Wednesday 28 December 2011

Been tweaking old poems

I did an edit of "Fear", but still wasn't happy with it.  I had put the new version on to my poetry blog, but took it down again.  I altered it yet again and that version is now on my Tripod poetry site.  It is a villanelle, and was one of the very first poems I ever wrote using this form.  Sonnets are easy, comparatively...

Coffee is kind of cold now...

Tuesday 27 December 2011

Sometimes I wonder...

I am not completely paranoid, and sometimes people really are being deliberately hurtful.  I just can't work out why.

I just deleted the rest of this post.  I'm going to shut up now.

Silence for a while...

because I've tried to communicate so many times, and been either ignored or misunderstood. 

Anyway, I played around with the format of my Tripod site: http://paulapuddephatt.tripod.com/poetry.  Something to do in the "small hours".

I feel sensitive right now - so please think before you speak, and be kind.  Kindness costs nothing and is good to opt for as a general policy.  And never assume that you know what another person is or isn't going through, because sometimes you don't, and words can hurt.  Silences and being ignored can also hurt.  Sometimes the hurt is too much to take.  Sometimes one more thing really will be the straw that breaks the camel's back - or mind.  However, a kind word or two, a sensitive approach, a moment's thought, could save someone's life - literally.

Peace.  xxx

Scream! SCREAM!!!!!!!!!!!!!!!!!!!!!

I am so depressed.

Just saying, okay???

Monday 26 December 2011

Further to my last post...

I have had such a dodgy tummy today, as well as being depressed.  I went to bed in the end, and slept it off to some extent, but now I'm restless, when I really should be going to bed.

I can't be the only person in this Universe who doesn't look forward to Christmas...can I???

Made it through...

25 December is one of the hardest days of the year for me.  I took the focus off it being "Christmas Day" as much as I possibly could.  I was due a Facebook-free day, anyway.
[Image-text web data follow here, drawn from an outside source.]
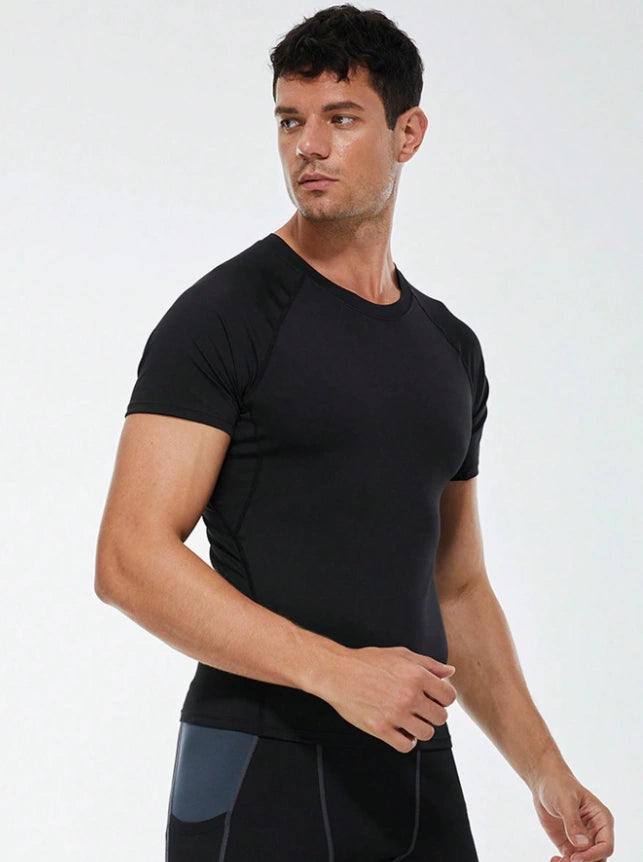 Men’s slim fit T-shirt - breathable and shape-enhancing - Shirtech
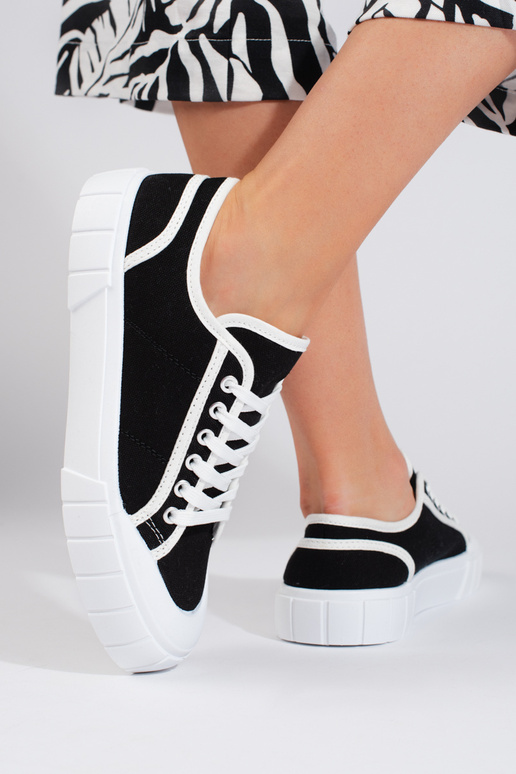 Čierne dámske topánky Čierne dámske topánky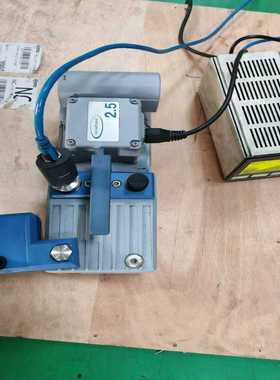 德国普兰德RZ2.5真空泵出售，带CENTERTHREE显--议价商品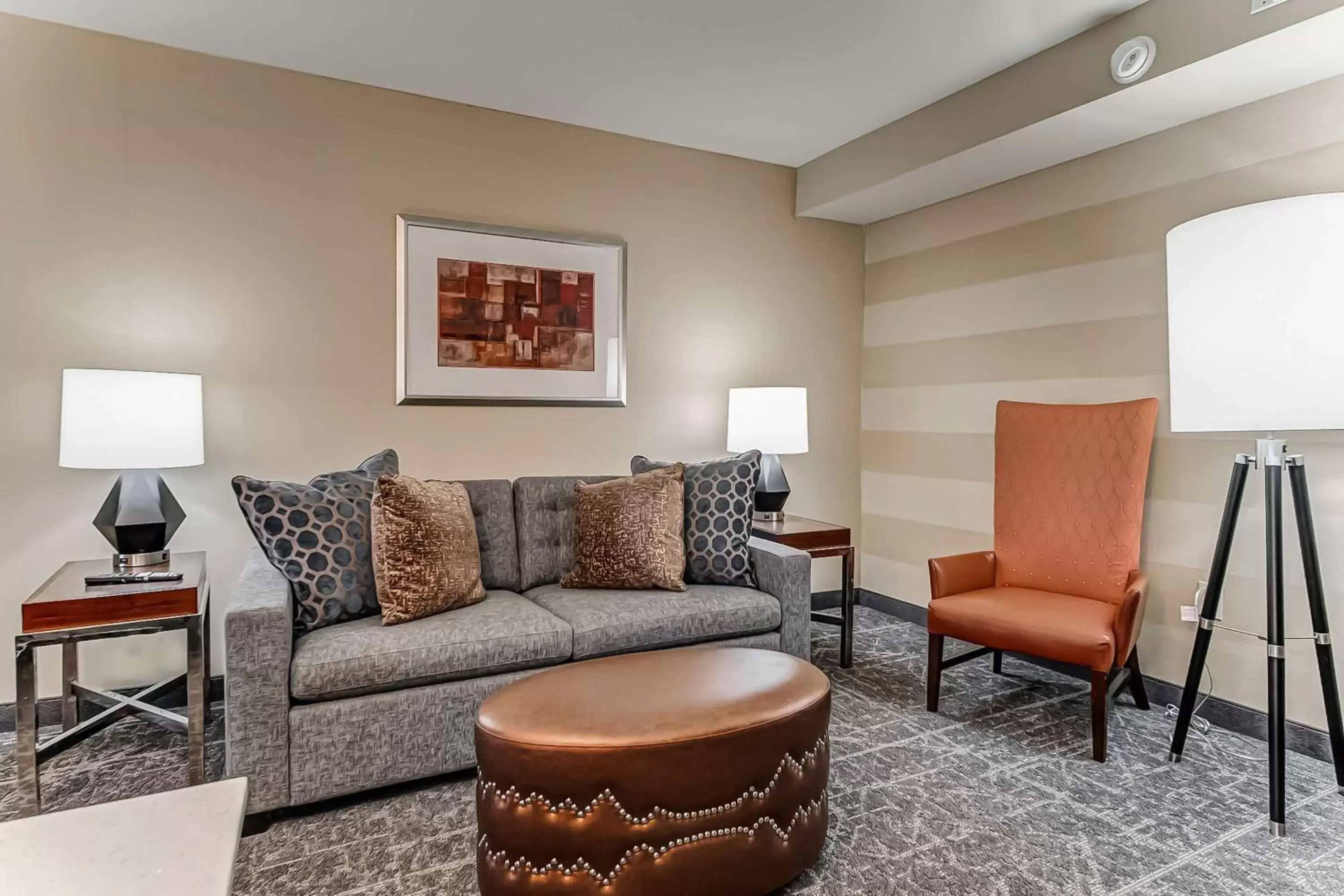King Room - Hearing Accessible/Non-Smoking in Embassy Suites Atlanta - Kennesaw Town Center King Room - Hearing Accessible/Non-Smoking in Embassy Suites Atlanta - Kennesaw Town Center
I think that it is widely known that Christmas is a difficult time of year for those with mental health issues, but funnily enough, it feels as if everyone else was looking forward to Christmas, which is interesting, as so many of our friends also suffer from depression, anxiety, etc.  Does everyone else just pretend to love Christmas, but secretly dread it? 

I can't help feeling that it is worse for childless people (once at the age when having children is the norm, I mean).  I am quite sure that positive thinkers will find a million ways around this, but the reality remains that Christmas is a time for families, and if you are thirty-eight (or fifty - Colin's age), this would normally include children - even grandchildren, which, incidentally, would not make me feel "old", but normal, balanced and happy.  I know that I should have a daughter, early twenties, who could potentially have her own children now.  Most people don't view Jessica as real, but I feel her with me every day, and that connection is real.  She is my spirit daughter, the child I would have had if I hadn't been bullied by my parents and the doctor into taking the "morning after pill", after I lost my virginity through rape (stranger  rape) when I was seventeen years old.  I get so depressed, because I always felt, in my heart, that that could well be my only chance of ever conceiving a child, and so it is turning out...:-(

Saturday 24 December 2011

So...

I'm going to be quieter than usual online over Christmas.  It's a difficult time of year for me, especially at the moment, with so many health and personal problems.  I need to look forward to the Spring!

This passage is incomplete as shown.